День аудиенции наступил как-то внезапно. Помню Савинкова, приехавшего к нам прямо из Бельведера. Мы были одни, с Димой. Бросились, конечно, навстречу: «Ну что?» Савинков еще не успел дойти до угла, где у меня стояли кресла и диван, первое его слово было: «По-моему, он провалился».
Т.е. внутренно провалился. А с виду, внешне, все обстояло как бы наилучшим образом: решено было формирование русского отряда на польские средства. Пока – не официально объявленное, под прикрытием «Эвакуационного комитета». Председатель – Савинков.

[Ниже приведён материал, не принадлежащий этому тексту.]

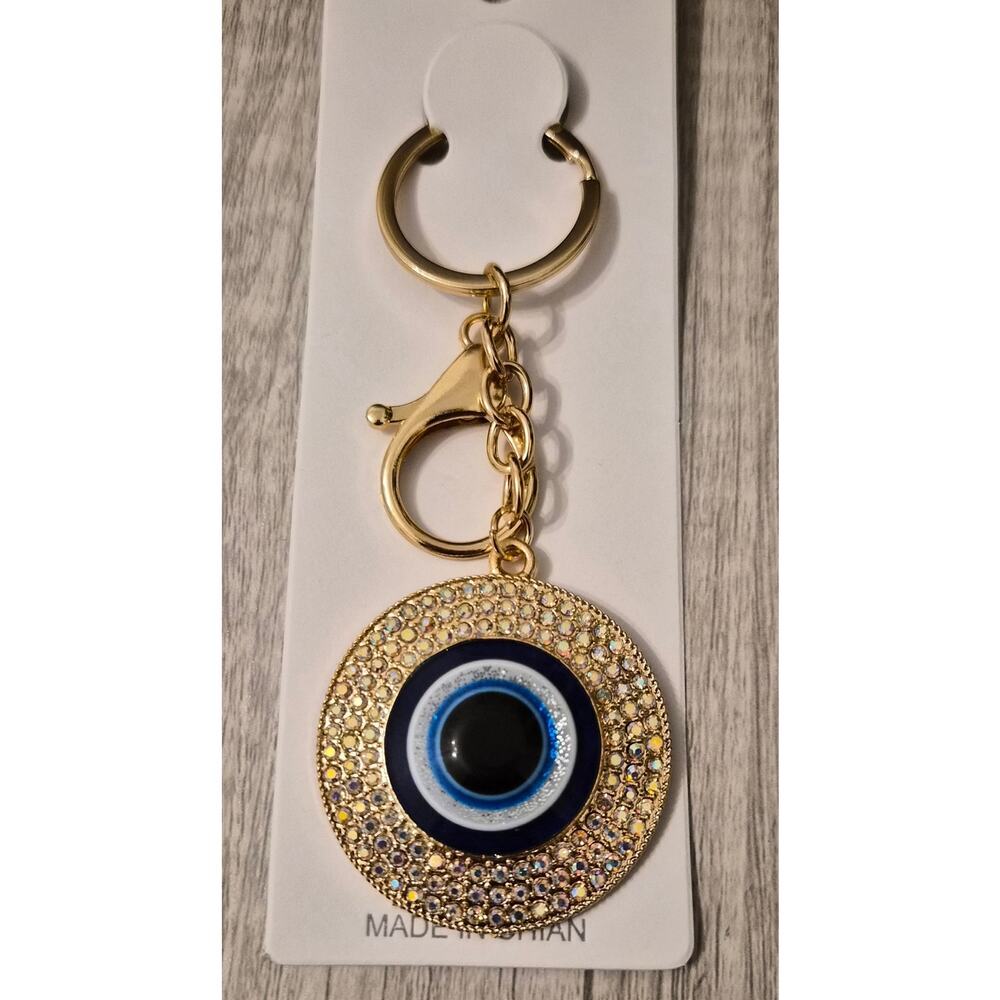 NWT Gold Rhinestone Evil Eye Keychain | Bling Nazar Purse Bag Charm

– Вам, – сказал Савинков очень серьезно, обращаясь к Диме, – я предлагаю быть моим ближайшим помощником и заместителем, товарищем председателя этого комитета.
– Не смею отказаться, – ответил Дима.
Как ни были мы в этот миг все одинаково взволнованы и как бы все решительно вместе – мне почему-то показалось вот это мгновенье и этот Димин ответ – какой-то чертой отделяющей… что от чего? Кого от кого?

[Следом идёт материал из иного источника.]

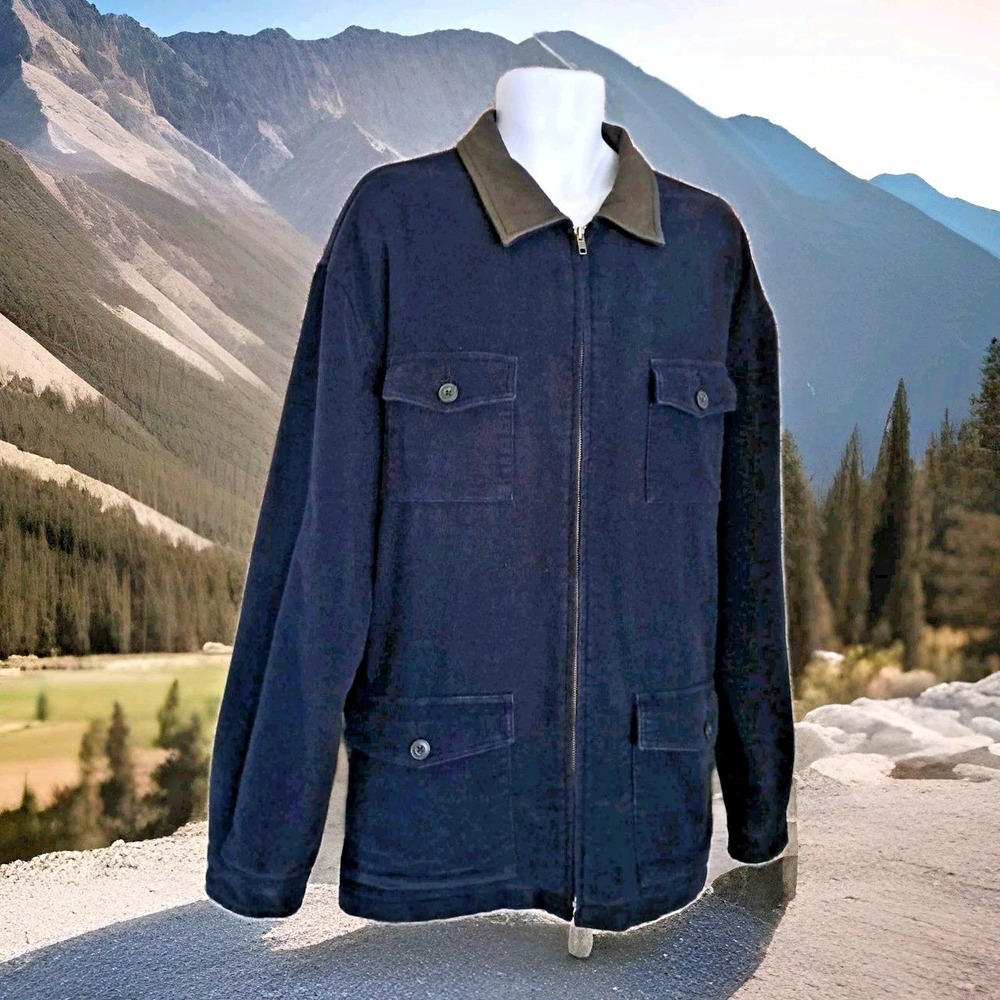 Gap Chore Coat XL Blue~Leather Collar Full Zip Quilted Lining Pockets Field Barn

С этого дня все завертелось. Пристегнули Буланова, Гершельмана… Других всяких. Предполагался «отдел пропаганды», в котором я должна была играть роль. Тут не сразу стала образовываться газета. Дима вызвал из Минска этого хама – Гзовского. Родичев подходил несколько сбоку, но тоже подходил.
Глазенапа Савинков привел тотчас же к нам с Дмитрием. Бледный, одутловатый, с гладкими черными волосами. Одутловатость какая-то у него самодовольная. Савинков его точно не совсем понимал (он вообще мало видит людей) и беспокоился. Но другого не было.

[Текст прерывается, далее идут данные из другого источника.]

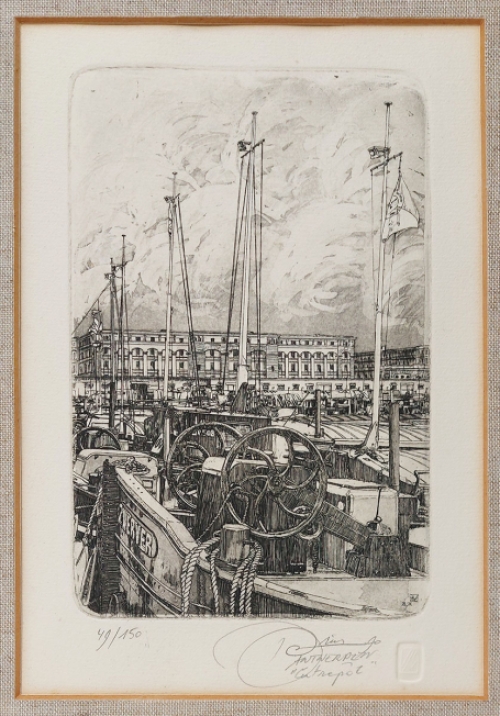 Kunstwerkje van de Belgische etser Dries Van Den Broeck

Конкретные последствия, первые, начатой «работы» Савинкова были таковы, что мы почти перестали видеться. Если бы Дима не перешел на чисто военную работу с Савинковым и Глазенапом, а со мной и Дмитрием стал бы, в этом же деле, устраивать газету, пропаганду и т. д., – это было бы одно; но у Савинкова не было ни одного серьезного человека, которому он бы доверял, на которого мог бы опереться, и Савинков схватился за Диму. При совершенной закулисности и притом спешности этой громадной сложной работы формирования армии, работы нам с Дм. неизвестной и остающейся неизвестной, – мы и оказались сразу как бы в пустоте, впрочем ее не чувствуя и не сознавая, – разве предчувствуя. Разумных возражений нельзя было и представить: им – Савинкову и Диме – дохнуть некогда, они и с польскими властями, они и офицеров принимают, они и с Глазенапом заседают, когда же кому же еще бегать к нам – докладывать, что ли? Предполагалось, что я сама по себе, одна, только с деньгами, буду устраивать какой-то «отдел пропаганды» с Володей в виде моего личного секретаря.